4.1. Data Processing

In this study, we collected hazard factor profile data by categorizing risk factors based on work type. We analyzed a total of 55,910 construction site accident case data collected by the Korea Land Transportation Safety Administration from 2020 to 2022. The collected data are divided into civil engineering, construction, industrial environmental facilities, and landscape facilities. In this study, we conducted a correlation analysis based on the accident cases for construction facilities and selected 25,986 cases related to construction projects for analysis.

Table 1. Variables description.

Variables		Factors
Work type	Project type (W01~37)	Architectural earthwork work, building components work, carpentry work, designated work, earthwork, electrical facilities work, floor finishing work, interior finishing work, landscaping work, masonry work, mechanical facilities work, metal work, painting work, piling work, reinforced concrete work, roofing and gutter work, steel frame work, tile and stone work, waterproof work, window and glass work
	Activity type (P01~40)	Assembly work, auxiliary and consolidation work, dismantling work, equipment work, excavation work, finishing work, formwork and carpentry, high scaffold work, inspection and testing work, installation work, lifting work, loading work, moving, painting work, pouring work, piling and anchoring work, salvage work, scaffolding work, stacking work, transportation work, welding work
Cause materials	Object (O01~09)	Components, construction machinery, construction materials, construction tools, facilities, temporary structure, soil and rock
	Location of object (OS01~114)	Bolts, buildings, ceiling panels, concrete pumps, cranes (mobile cranes, etc.), deck plates, drills, dump trucks, excavation slopes, fall prevention nets, ground, Aerial work platform, ladders, materials, openings, other temporary structures, piling and anchoring equipment, piping, prefabricated piles, prefabricated stairs, rebars, retaining walls, safety belts, safety facilities, scaffolding, scaffolding, slabs, slope protection, soil retention fences, special construction machinery, special scaffolding (e.g., gang forms), Steel pipe scaffolds, steel structural components, stone walls, system scaffolds, toe plates, tools, tower cranes, vapor barriers, wall structures, windows and doors, wire ropes, work platforms
Accident type (H01~16)		Amputation/stabbing, caught in between, collapse, electric shock, exposure to hazardous material, falling, fire/explosion, hit, pressed/overturned, slip down, struck by object

presents the collected data, which includes work type classification, accident-occurring objects (object and location), and accident information for each work type.

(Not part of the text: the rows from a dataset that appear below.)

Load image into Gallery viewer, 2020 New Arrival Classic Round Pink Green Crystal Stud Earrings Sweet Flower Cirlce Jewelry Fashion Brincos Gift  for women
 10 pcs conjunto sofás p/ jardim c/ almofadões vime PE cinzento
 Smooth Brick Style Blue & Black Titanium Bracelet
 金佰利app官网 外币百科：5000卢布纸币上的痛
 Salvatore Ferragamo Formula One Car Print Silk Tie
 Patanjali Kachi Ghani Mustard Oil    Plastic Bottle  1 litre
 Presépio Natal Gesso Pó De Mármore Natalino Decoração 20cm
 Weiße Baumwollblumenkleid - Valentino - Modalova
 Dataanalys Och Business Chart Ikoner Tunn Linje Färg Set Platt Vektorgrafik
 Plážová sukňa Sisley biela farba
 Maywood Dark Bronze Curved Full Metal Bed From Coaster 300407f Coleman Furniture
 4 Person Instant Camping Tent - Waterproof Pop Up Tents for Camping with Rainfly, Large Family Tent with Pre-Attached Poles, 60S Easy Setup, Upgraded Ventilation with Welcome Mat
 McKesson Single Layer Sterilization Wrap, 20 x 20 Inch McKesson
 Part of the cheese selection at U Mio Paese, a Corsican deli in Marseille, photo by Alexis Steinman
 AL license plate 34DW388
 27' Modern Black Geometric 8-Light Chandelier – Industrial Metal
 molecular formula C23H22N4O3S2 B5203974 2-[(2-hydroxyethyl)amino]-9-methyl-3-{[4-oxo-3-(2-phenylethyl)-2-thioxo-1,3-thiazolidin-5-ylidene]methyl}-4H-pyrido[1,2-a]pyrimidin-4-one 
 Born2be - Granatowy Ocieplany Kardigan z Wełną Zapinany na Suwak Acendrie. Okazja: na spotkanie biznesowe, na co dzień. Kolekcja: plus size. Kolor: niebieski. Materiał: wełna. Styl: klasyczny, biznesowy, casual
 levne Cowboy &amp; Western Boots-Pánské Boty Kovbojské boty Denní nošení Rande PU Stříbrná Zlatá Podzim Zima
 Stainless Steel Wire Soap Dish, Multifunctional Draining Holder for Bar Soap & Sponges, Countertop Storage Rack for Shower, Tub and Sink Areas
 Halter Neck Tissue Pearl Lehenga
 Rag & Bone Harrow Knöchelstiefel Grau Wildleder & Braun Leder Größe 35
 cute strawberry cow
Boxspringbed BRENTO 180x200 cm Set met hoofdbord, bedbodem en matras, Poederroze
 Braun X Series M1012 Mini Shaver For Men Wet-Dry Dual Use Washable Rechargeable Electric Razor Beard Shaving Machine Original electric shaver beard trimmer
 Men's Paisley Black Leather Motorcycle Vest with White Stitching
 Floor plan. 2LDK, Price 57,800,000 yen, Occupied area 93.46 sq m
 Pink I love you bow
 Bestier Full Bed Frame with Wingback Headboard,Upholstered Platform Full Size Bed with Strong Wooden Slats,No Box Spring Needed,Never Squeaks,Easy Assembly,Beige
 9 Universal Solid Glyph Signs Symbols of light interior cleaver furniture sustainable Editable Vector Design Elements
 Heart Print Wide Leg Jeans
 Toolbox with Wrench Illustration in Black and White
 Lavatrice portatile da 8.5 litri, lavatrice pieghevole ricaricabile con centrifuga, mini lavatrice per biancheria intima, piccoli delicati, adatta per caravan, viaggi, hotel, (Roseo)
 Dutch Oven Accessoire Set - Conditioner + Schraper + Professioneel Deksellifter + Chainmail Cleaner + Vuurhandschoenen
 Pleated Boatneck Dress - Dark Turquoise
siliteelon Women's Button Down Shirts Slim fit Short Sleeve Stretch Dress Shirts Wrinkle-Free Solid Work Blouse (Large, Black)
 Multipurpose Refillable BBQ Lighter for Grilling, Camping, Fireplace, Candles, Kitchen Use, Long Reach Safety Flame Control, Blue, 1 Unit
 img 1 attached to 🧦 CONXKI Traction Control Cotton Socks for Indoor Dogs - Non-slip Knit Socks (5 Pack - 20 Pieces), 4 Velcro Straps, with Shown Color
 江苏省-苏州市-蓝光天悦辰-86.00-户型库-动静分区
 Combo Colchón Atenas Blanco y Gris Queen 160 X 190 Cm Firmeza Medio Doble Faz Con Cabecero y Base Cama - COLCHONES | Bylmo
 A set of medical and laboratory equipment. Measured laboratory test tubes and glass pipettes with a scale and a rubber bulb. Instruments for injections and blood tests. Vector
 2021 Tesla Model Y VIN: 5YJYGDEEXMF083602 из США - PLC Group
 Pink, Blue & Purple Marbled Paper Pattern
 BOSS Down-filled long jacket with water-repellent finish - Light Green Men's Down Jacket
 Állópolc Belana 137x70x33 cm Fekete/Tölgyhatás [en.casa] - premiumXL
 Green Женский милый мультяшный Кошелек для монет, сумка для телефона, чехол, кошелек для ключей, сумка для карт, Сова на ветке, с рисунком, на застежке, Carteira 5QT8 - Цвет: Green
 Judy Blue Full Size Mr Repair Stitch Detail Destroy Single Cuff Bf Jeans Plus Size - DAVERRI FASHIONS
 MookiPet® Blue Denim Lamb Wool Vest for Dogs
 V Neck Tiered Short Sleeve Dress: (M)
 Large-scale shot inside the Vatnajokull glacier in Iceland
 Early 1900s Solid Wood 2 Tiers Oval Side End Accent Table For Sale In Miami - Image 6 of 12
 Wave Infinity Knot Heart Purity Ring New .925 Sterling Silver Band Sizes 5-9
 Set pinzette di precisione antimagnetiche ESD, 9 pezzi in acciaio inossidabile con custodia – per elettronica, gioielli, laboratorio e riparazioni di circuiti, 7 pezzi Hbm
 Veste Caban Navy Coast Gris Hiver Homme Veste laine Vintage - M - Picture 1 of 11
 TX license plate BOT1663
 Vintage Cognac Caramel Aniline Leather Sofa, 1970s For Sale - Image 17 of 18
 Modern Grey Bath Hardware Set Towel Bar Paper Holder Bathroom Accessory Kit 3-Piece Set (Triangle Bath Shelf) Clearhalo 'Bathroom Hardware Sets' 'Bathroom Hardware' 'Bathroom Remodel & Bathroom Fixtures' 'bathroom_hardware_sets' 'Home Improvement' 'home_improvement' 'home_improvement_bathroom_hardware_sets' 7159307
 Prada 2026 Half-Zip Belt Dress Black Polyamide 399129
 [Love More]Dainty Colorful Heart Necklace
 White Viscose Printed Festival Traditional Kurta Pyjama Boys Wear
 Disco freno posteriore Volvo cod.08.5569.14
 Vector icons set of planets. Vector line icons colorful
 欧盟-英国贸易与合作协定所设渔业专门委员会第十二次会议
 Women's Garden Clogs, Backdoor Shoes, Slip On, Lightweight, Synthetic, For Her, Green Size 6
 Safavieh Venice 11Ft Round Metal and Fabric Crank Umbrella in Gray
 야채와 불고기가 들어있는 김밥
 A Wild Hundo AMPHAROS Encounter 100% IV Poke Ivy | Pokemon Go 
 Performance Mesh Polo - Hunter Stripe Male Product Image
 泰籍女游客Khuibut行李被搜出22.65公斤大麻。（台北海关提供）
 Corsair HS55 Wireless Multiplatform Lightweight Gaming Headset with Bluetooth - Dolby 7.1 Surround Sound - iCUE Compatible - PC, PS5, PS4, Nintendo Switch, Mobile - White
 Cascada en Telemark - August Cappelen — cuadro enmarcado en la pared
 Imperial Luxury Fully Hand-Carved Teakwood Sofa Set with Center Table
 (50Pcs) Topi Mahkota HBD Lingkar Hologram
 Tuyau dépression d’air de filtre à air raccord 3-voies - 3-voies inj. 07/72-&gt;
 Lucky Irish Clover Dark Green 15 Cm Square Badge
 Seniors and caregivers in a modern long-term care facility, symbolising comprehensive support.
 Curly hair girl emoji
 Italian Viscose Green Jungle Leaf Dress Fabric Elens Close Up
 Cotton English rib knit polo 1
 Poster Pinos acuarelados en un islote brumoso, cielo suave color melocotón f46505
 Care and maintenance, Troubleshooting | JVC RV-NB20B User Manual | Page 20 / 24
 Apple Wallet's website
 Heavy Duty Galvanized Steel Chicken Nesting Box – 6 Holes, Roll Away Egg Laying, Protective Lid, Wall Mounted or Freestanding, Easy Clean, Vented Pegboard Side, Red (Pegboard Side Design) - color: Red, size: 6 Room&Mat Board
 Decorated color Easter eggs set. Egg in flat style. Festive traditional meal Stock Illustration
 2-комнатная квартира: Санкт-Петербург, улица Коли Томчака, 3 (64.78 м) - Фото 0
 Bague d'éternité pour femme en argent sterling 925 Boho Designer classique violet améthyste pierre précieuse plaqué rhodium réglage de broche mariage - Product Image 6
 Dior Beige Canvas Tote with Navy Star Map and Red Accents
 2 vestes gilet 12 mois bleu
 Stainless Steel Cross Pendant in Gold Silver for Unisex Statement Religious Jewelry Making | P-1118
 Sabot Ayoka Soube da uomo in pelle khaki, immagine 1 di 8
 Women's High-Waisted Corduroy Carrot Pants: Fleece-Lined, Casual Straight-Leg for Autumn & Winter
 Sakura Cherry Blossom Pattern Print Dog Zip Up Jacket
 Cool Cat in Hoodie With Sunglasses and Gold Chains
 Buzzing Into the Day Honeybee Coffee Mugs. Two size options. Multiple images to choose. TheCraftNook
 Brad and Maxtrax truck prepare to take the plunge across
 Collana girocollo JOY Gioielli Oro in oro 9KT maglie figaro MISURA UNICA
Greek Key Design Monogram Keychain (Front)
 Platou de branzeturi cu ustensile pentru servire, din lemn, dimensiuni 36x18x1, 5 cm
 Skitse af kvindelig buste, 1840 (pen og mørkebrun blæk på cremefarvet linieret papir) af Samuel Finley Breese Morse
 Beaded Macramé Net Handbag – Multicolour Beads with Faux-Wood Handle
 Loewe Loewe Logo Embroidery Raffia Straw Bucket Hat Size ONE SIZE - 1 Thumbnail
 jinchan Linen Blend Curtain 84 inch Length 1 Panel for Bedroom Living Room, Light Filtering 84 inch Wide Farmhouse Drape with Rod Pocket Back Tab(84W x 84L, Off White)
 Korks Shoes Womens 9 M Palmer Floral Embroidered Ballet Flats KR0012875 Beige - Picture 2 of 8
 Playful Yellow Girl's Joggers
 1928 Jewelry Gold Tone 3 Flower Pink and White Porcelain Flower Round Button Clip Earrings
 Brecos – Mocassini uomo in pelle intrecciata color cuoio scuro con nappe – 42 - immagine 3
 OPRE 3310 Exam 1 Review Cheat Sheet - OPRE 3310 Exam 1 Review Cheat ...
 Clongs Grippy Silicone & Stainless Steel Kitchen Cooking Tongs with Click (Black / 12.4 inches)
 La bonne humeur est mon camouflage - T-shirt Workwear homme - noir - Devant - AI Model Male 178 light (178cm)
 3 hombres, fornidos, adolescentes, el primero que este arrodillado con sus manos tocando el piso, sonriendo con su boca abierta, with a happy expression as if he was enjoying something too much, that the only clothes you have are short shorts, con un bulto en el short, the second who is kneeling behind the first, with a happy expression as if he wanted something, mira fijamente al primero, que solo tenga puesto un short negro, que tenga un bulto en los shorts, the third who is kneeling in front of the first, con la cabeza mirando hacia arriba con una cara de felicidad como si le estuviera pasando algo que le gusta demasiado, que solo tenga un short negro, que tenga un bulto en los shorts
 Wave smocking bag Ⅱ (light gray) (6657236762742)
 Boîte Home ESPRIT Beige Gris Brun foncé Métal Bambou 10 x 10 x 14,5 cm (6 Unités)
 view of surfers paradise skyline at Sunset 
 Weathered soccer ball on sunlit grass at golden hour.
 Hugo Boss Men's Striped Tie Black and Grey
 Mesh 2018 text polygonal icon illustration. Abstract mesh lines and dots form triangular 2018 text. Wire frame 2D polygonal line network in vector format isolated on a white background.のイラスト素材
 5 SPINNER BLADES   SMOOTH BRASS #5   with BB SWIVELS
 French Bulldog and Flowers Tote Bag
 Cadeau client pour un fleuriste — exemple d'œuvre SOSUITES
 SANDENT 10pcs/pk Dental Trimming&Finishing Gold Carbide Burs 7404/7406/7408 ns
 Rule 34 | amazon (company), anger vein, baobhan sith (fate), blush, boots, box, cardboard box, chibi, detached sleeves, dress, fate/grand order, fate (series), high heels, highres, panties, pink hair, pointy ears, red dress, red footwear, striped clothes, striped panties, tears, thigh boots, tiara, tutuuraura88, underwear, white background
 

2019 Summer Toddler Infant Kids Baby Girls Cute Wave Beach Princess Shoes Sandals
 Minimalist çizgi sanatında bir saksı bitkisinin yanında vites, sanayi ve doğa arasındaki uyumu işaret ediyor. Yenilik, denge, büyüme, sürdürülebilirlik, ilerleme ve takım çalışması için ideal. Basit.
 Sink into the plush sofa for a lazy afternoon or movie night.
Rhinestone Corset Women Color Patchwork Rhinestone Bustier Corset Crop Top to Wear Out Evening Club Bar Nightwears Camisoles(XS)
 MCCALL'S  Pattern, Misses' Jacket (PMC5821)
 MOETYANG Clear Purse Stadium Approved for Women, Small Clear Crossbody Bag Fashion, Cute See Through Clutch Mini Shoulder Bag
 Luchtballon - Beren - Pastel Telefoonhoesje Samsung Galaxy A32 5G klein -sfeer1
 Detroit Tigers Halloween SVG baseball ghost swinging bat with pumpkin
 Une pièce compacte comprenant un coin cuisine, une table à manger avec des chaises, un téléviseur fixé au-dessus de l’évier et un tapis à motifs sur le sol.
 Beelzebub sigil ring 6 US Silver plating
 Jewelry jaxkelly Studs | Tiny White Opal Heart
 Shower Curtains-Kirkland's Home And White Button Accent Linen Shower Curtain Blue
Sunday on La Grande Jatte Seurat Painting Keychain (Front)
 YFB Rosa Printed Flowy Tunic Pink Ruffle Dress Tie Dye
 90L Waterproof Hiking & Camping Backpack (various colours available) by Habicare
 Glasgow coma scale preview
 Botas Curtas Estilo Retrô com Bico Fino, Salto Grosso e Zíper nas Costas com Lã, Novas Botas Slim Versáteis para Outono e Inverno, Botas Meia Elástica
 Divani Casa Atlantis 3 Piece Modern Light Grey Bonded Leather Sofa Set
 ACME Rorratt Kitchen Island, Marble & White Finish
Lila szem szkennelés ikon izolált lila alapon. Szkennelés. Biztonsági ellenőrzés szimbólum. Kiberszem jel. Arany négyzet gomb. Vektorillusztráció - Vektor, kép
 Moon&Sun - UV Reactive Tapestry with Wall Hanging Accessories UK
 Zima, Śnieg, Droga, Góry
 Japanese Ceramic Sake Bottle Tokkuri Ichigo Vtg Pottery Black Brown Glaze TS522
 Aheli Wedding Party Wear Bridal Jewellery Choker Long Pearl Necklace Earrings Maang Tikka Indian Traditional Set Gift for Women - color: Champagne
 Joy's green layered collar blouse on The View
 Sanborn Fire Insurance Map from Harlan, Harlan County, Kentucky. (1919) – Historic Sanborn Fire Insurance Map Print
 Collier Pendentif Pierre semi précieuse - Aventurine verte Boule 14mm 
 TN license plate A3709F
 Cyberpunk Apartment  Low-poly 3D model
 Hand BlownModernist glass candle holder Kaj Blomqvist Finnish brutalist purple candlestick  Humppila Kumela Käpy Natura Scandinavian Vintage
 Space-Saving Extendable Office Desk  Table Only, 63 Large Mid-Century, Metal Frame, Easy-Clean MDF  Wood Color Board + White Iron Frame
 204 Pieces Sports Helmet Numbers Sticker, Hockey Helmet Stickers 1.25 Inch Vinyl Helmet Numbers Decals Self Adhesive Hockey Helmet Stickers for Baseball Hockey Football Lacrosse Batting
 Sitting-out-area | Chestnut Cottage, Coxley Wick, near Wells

For our analysis, we selected variables commonly used in previous studies: work type (project type: W), work type (activity type: P), cause materials (object: O), cause materials (location of object: OS), and accident type (accident type: H). These variables are considered key factors influencing accidents.

4.2. Frequency Analysis of Accidents

In this study, we analyzed the relationship between work types and cause materials in the construction process. To accomplish this, we examined the frequency of construction accidents by utilizing hazard factor profiles derived from an accident occurrence framework. We reclassified the risk factor profile data and categorized the accident occurrence factors into work type (project type, activity type) and cause materials (object, location). The project type refers to various types of construction work. Additionally, we identified the 10 most frequent accident types out of a total of 17 categories for further analysis.

4.2.1. Project Type

Out of the 37 work types included in the hazard factor profile, we analyzed 22 work types, as indicated in

Table 2. Project type.

Project Type	Frequency (%)	Project Type	Frequency (%)
Temporary work	21.4%	Piling work	2.1%
Reinforced concrete work	18.6%	Window and glasswork	2.1%
Earthwork	12.4%	Electrical facilities work	1.4%
Building components work	7.6%	Interior finishing work	1.4%
Steel frame work	6.9%	Landscaping work	1.4%
Metalwork	6.2%	Tile and stonework	1.4%
Foundation work	3.4%	Carpentry work	1.4%
Waterproof work	3.4%	Drainage earthwork	0.7%
Other	2.8%	Mechanical facilities work	0.7%
Floor finishing work	2.1%	Painting work	0.7%
Masonry work	2.1%	Roofing and gutter work	0.7%

. The analysis revealed that temporary work accounted for 21.4% of the accidents, reinforced concrete work accounted for 18.6%, and earthwork accounted for 12.4%. These three work types together constituted 52.4% of the total number of accident cases.

4.2.2. Activity Type

Activity types were identified based on the classification of work types, resulting in 22 tasks, as presented in

Table 3. Activity type.

Activity Type	Frequency (%)	Activity Type	Frequency (%)
Installation work	22.8%	Stacking work	3.4%
Moving	10.3%	Loading work	2.1%
Pouring work	8.3%	Other	2.1%
Finishing work	7.6%	Painting work	2.1%
Lifting work	5.5%	Salvage work	2.1%
Assembly work	4.8%	Drill work	2.1%
Excavation work	4.8%	Transportation work	2.1%
Piling and anchoring work	4.8%	Consolidation work	0.7%
Welding work	4.8%	Equipment work	0.7%
Formwork and carpentry	4.1%	High scaffold work	0.7%
Dismantling work	3.4%	Inspection and testing work	0.7%

. The analysis revealed that installation work, moving, pouring work, finishing work, and lifting work were the most prominent activity types, in that order. Remarkably, these five activities accounted for 54.5% of the total number of accident cases.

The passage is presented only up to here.